The above picture is my dad Raymond, the youth featherweight Cork & Munster Champion. He had only been boxing a short while and was now fighting against the “All Ireland Champion.”

My dad won that fight; some might call him the “Lineal” youth lightweight champion of Ireland.” (some of you might know that term “Lineal” from another Irish Champion lol)

Eighteen months later, at the age of sixteen, my dad was sent from Ireland to England to join the British Army.

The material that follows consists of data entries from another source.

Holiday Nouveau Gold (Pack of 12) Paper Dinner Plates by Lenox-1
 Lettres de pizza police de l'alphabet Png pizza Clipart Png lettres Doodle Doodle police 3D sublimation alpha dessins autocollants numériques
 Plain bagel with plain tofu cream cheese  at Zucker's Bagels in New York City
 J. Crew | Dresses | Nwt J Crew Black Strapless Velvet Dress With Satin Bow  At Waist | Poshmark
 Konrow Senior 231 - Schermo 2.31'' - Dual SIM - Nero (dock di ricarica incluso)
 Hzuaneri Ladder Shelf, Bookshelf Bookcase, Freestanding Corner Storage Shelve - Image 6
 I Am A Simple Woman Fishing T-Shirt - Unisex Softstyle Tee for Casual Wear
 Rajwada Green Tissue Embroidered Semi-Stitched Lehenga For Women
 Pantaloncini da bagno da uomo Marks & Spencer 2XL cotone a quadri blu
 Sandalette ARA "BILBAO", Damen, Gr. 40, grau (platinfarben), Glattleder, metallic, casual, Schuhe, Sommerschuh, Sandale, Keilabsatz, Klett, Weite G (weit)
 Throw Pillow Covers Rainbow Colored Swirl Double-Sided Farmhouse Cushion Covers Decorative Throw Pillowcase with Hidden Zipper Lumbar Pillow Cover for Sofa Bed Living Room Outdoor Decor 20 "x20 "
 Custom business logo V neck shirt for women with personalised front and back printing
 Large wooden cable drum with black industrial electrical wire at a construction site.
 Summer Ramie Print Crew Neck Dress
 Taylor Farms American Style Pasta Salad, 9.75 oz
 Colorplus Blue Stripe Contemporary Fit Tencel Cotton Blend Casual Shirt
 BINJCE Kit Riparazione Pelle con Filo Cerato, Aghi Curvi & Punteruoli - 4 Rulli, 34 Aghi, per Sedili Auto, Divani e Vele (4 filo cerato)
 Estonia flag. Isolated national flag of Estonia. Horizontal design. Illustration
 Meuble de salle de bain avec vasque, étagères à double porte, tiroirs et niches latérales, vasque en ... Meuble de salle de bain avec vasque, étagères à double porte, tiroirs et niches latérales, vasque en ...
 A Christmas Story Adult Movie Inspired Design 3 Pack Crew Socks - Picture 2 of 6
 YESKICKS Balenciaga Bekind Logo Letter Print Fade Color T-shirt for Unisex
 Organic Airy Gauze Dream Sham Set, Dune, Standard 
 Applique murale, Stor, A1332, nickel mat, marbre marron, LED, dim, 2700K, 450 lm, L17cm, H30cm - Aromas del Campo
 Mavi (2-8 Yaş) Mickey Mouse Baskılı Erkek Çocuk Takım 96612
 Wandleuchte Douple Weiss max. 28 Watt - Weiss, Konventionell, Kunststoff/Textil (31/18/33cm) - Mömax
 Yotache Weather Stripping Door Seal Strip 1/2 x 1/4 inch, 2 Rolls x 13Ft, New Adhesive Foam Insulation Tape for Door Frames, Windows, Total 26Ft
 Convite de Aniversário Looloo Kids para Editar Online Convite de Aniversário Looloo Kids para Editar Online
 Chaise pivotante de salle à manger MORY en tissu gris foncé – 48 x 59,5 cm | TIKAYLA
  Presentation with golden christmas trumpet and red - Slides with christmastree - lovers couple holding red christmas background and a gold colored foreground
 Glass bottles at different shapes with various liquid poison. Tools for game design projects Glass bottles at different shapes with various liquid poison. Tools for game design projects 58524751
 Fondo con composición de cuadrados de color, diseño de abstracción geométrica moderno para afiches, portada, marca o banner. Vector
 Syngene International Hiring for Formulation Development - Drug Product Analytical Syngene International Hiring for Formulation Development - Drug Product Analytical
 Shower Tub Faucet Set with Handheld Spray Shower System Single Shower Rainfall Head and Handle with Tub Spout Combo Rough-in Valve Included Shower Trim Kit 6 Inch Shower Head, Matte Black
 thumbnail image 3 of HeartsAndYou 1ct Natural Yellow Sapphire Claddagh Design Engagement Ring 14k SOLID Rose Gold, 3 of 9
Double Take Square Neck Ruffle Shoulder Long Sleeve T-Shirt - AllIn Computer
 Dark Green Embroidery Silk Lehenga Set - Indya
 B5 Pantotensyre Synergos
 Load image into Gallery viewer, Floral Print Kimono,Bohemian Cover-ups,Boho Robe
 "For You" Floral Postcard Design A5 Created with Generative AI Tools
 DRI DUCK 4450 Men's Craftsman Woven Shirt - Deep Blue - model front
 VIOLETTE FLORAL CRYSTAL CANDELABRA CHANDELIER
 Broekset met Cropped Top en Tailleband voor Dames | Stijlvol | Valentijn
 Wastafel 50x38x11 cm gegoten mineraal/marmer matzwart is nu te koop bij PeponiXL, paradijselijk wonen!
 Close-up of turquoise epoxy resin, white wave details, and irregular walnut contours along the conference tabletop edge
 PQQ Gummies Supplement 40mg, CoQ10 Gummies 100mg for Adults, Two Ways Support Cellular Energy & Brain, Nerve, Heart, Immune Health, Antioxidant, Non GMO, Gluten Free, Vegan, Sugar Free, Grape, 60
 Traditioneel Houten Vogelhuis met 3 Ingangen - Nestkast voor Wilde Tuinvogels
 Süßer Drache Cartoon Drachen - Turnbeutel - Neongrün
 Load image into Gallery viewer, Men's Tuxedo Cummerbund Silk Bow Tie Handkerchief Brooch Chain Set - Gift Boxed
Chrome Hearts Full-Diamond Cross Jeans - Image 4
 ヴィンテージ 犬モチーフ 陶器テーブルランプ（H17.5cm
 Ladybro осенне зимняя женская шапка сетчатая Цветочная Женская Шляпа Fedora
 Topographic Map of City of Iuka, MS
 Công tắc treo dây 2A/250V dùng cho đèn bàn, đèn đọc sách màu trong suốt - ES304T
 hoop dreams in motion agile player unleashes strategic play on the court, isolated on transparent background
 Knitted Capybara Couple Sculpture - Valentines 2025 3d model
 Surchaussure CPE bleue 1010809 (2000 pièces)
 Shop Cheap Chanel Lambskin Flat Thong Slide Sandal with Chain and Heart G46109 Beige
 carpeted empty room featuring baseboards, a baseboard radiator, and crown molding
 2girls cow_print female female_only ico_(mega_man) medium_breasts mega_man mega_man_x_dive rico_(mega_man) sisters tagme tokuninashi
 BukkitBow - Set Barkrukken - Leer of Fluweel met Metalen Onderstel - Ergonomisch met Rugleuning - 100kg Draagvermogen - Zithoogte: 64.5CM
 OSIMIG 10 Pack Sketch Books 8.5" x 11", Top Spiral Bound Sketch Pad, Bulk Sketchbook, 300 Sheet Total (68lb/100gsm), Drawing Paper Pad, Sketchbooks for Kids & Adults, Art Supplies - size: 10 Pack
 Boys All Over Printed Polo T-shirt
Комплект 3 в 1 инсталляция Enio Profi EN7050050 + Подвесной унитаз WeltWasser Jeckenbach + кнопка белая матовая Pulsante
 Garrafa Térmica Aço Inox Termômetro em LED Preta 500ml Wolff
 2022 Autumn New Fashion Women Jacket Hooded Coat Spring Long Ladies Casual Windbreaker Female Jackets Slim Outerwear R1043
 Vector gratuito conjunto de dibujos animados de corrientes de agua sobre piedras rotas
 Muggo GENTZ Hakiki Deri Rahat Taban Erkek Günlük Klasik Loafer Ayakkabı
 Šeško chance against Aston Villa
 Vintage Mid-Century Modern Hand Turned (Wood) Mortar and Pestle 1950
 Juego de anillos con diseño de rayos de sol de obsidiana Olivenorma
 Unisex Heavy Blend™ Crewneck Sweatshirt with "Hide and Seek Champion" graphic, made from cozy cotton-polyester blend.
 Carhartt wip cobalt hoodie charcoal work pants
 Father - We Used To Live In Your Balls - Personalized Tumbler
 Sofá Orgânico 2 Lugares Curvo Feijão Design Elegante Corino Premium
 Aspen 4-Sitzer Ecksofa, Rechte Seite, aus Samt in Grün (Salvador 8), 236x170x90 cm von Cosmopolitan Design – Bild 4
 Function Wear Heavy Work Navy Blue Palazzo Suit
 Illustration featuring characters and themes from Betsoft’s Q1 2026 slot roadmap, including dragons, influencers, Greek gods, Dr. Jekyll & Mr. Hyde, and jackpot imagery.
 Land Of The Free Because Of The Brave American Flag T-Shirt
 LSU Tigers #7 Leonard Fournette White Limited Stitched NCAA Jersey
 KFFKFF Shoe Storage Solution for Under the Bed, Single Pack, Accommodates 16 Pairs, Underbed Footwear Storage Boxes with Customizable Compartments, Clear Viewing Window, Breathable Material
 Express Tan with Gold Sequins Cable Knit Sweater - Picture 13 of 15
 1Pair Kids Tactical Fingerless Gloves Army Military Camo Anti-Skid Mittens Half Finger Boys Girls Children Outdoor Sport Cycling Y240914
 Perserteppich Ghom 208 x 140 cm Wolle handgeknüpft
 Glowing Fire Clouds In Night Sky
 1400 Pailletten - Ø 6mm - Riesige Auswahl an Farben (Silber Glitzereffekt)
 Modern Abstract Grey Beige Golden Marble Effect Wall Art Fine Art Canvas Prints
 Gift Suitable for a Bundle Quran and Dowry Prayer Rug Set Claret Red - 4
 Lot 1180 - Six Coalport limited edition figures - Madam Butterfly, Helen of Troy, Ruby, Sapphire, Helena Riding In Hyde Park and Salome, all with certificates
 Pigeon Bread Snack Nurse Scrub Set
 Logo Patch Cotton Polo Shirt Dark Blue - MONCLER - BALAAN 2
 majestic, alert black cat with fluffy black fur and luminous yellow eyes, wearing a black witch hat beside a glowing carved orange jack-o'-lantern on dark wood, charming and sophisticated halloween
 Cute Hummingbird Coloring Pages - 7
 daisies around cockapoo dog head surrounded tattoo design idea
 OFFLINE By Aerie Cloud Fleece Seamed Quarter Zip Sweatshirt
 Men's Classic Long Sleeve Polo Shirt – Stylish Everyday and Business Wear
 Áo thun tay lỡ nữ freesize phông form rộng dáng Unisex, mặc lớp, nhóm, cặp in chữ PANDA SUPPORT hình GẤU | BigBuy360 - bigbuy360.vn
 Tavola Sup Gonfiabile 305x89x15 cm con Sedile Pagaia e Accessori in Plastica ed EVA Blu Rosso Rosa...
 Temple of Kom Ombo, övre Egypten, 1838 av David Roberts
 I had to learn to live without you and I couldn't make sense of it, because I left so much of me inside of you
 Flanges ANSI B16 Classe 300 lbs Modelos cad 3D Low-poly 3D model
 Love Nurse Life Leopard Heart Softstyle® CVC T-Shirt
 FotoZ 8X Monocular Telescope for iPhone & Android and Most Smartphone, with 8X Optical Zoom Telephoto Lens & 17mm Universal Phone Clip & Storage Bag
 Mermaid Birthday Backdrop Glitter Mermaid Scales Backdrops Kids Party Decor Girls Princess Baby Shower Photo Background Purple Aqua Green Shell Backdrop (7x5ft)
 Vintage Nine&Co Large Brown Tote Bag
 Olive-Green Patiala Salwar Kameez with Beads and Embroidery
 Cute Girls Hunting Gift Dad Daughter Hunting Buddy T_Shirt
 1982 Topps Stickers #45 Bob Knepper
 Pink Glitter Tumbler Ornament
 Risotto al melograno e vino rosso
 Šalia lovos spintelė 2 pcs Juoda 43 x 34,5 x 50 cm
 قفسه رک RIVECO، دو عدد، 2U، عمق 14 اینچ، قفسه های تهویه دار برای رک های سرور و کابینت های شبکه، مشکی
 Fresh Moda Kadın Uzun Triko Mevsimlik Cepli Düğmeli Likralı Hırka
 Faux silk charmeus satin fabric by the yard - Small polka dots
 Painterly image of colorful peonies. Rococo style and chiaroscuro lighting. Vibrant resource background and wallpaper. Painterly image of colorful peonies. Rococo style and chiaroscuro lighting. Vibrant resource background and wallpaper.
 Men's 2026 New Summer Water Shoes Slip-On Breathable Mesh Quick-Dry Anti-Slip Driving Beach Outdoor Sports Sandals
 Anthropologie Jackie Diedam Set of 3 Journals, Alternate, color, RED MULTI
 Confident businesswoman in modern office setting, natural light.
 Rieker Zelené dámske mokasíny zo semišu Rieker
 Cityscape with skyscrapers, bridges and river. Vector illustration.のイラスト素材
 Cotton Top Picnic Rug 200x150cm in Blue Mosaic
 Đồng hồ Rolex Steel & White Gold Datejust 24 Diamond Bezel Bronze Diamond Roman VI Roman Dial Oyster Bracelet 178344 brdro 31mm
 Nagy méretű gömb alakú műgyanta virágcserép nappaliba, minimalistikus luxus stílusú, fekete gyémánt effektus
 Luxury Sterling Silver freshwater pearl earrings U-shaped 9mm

His mum was a widow with nine children and my dad was the wild one so I guess she felt it was the right thing to do.   My dad had to overcome a sense of rejection, the loss of his father and then start a new life as a sixteen-year-old boy in a different country.  My dad was mocked with his Irish accent, lonely being away from his Irish family and fearful of the IRA every time he went back to visit his mother in Cork.  She would hide the pictures of her son in his military wear every time there was a knock at the door.

My dad met my mum in the army and my brother Paul was born in Germany.  My mum and dad split when I was seven, and my dad wanted to take care of his two boys, pretty unusual at the time as I knew plenty of single-parent families on the estate but only kids living with their mums.

I believe that sometimes our traumas in childhood can affect our actions positively and not always negatively as many would believe.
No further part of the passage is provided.